Fleur retint ses derniers mots et posa les yeux sur Max.

— Max, va faire un tour pendant que je discute avec mon frère.

— Bien sûr.

Le garçon lui offrit un sourire entiché puis s'en alla.

— Je disais donc. Avec ce qui se passe à la maison, papa et maman refuseront de partir.

— Qu'est-ce qui se passe de plus que d'habitude ?

— On est en plein mois de charité et les démons vagabonds sont autorisés à rester au manoir. C'est pour ça qu'il y a un Keïtos dans la cave. En temps normal, on ne l'aurait jamais laissé entrer, mais mois de charité oblige.

— Ça veut dire que tous les démons du coin vont venir squatter la maison ?

— Oui, c'est à peu près ça.

Félix gesticula sur le banc, contrarié par cet imprévu.

— On pourrait dessiner une tête de sanglier pour les expulser le temps de la soirée. Qu'est-ce que tu en penses ?

— Virer les démons du manoir pendant le mois de charité pourrait attirer de gros ennuis aux parents, Félix. On ne peut pas prendre le risque.

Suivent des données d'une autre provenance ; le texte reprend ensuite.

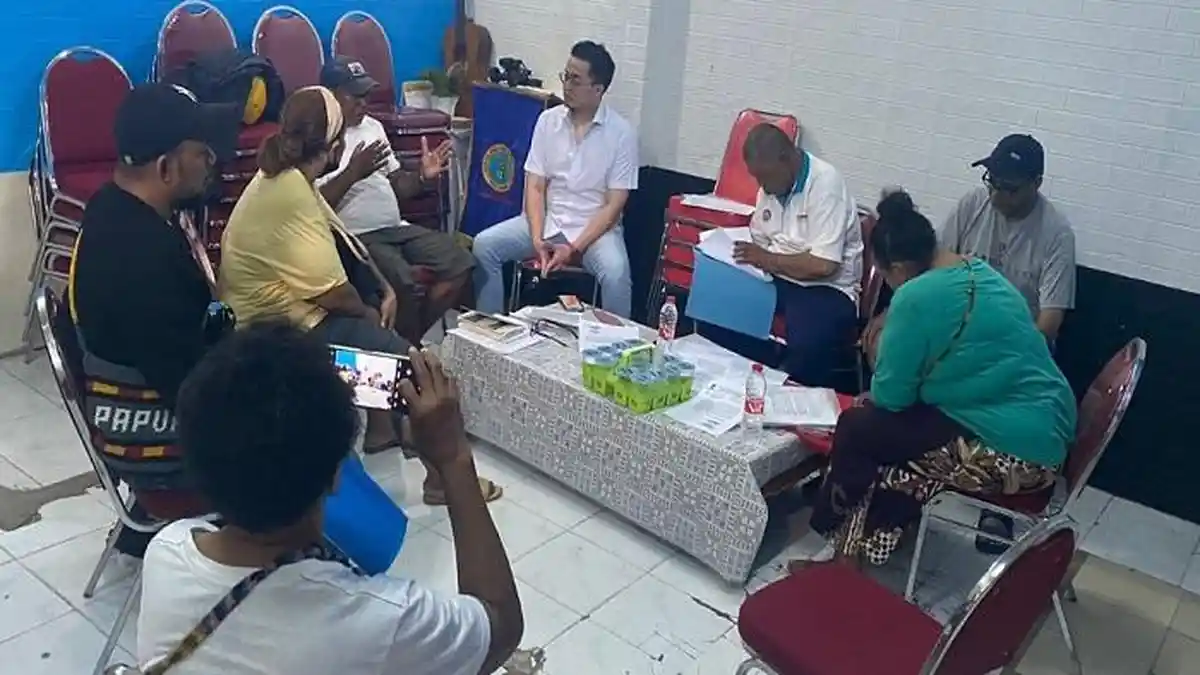 Abraham Advokasi Warga Papua yang Diminta Kosongkan Mess Cendrawasih di Jakarta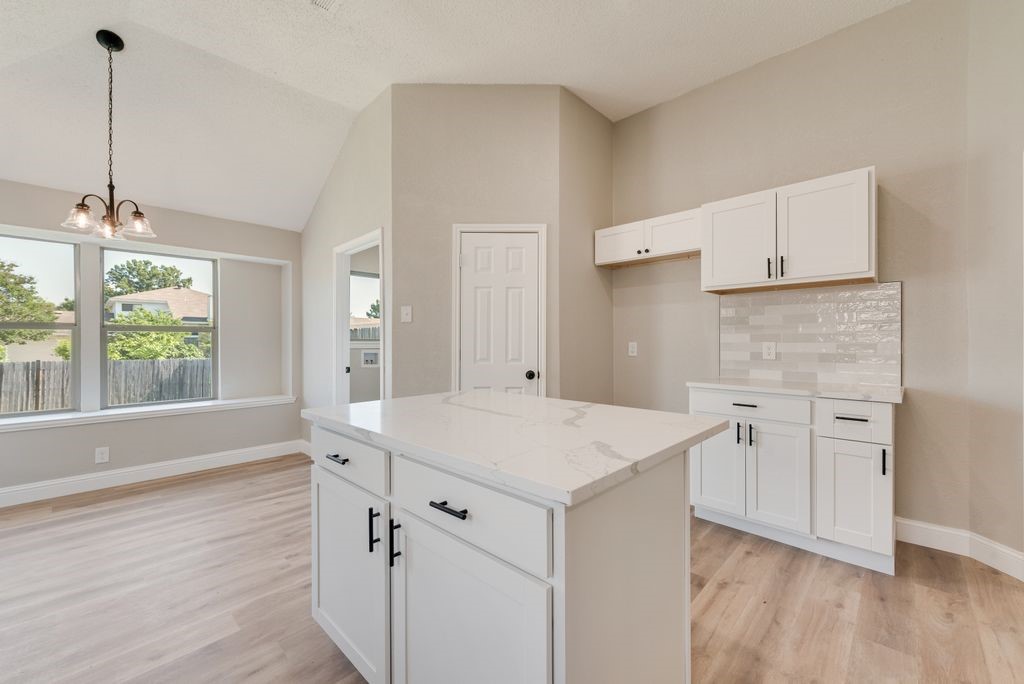 4913 Meadow Vista Place Garland TX 75043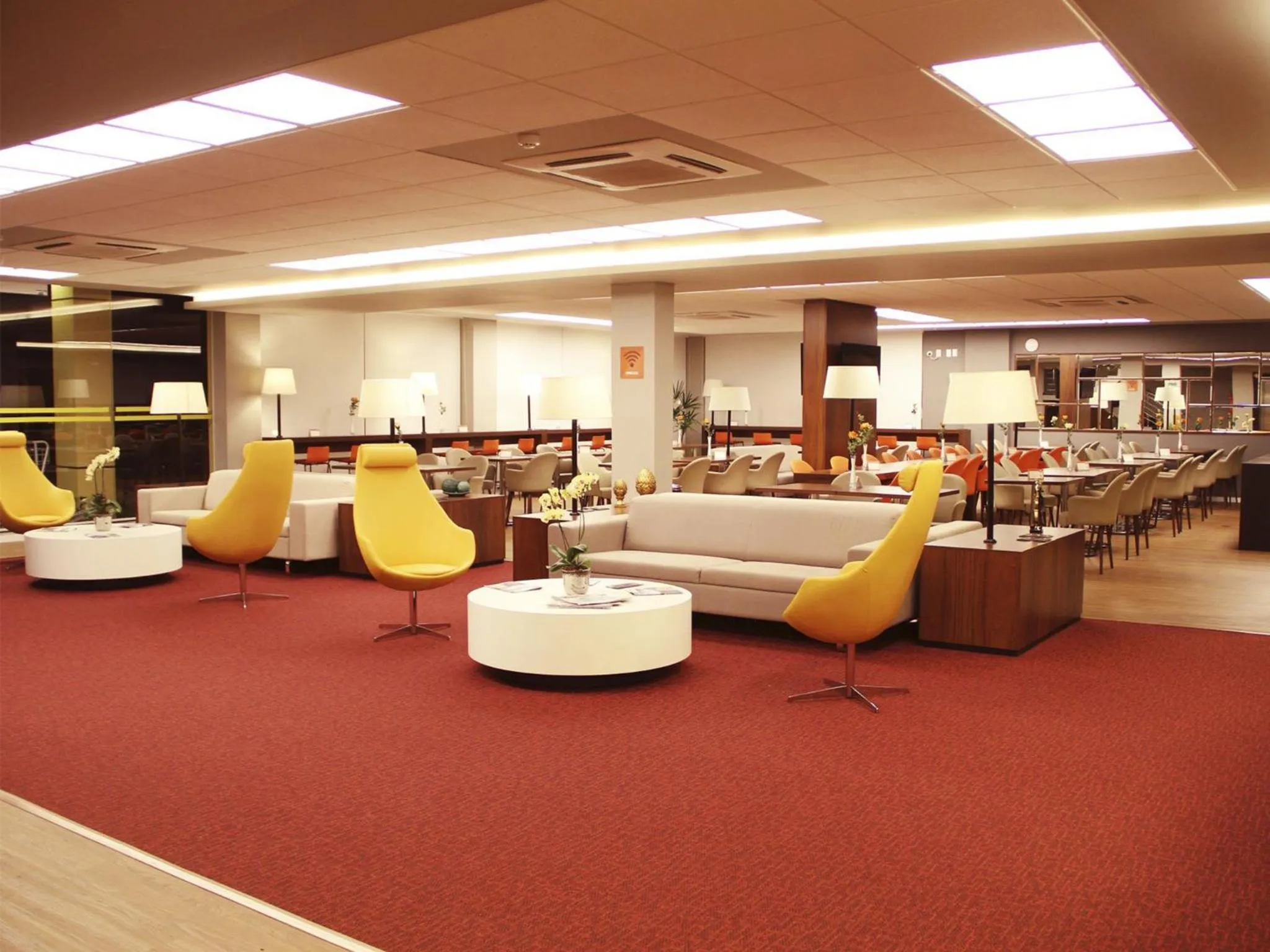 Communal lounge/ TV room in Hotel 10 Palmas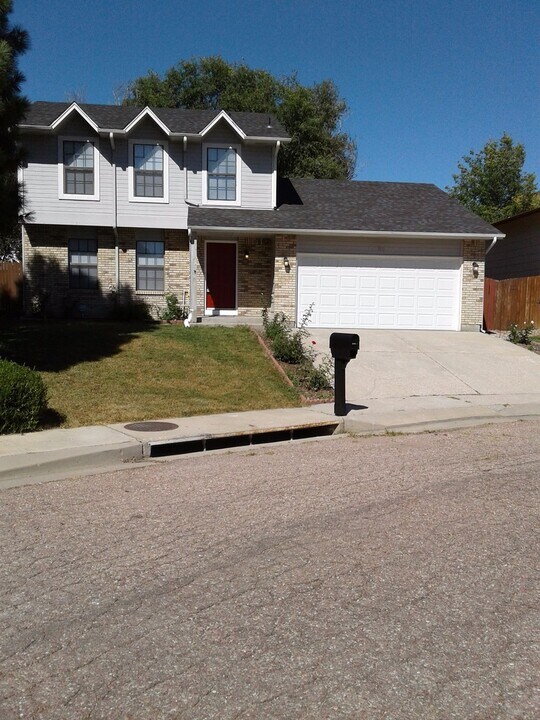 910 Harbourne St in Colorado Springs, CO - Building Photo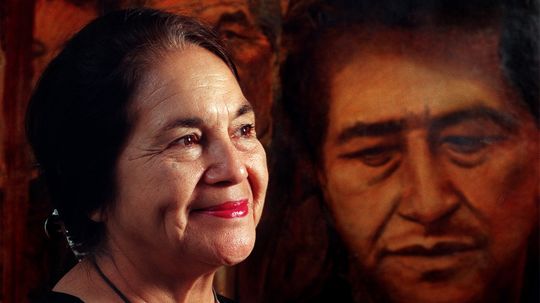 Dolores Huerta,背后的劳动维权口号“¡Si !绝对可能! !””border=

Parmi les élèves qui déambulaient dans la cour, un garçon adressa un signe de tête à Fleur. Celle-ci répondit par un sourire qu'elle rengaina prestement. Elle avait baissé la garde en présence de son frère.

— Il te plait ?

Fleur jura entre ses dents.

— Je le trouve mignon, répondit-elle en feignant l'indifférence.

— Clément le connait ?

— Non ! s'excita la fille. Et je t'interdis de lui en parler. Cette andouille serait capable de tout faire capoter.

Il y eut un silence. Félix dut penser un peu trop fort, car Fleur lui cogna l'épaule.

— Avise-toi de me faire du chantage et je te pète les genoux.

Elle récupéra son sac à main et partit. Félix se massa l'épaule en songeant que sa sœur devrait consulter pour apprendre à maitriser sa colère, puis se leva du banc à son tour. Il se dirigeait vers sa classe lorsqu'une fille lui barra la route.

— Qu'est-ce qu'il représentait, ce dessin dans ton livre ?

Maeva toisait Félix d'un regard étriqué, intimidant.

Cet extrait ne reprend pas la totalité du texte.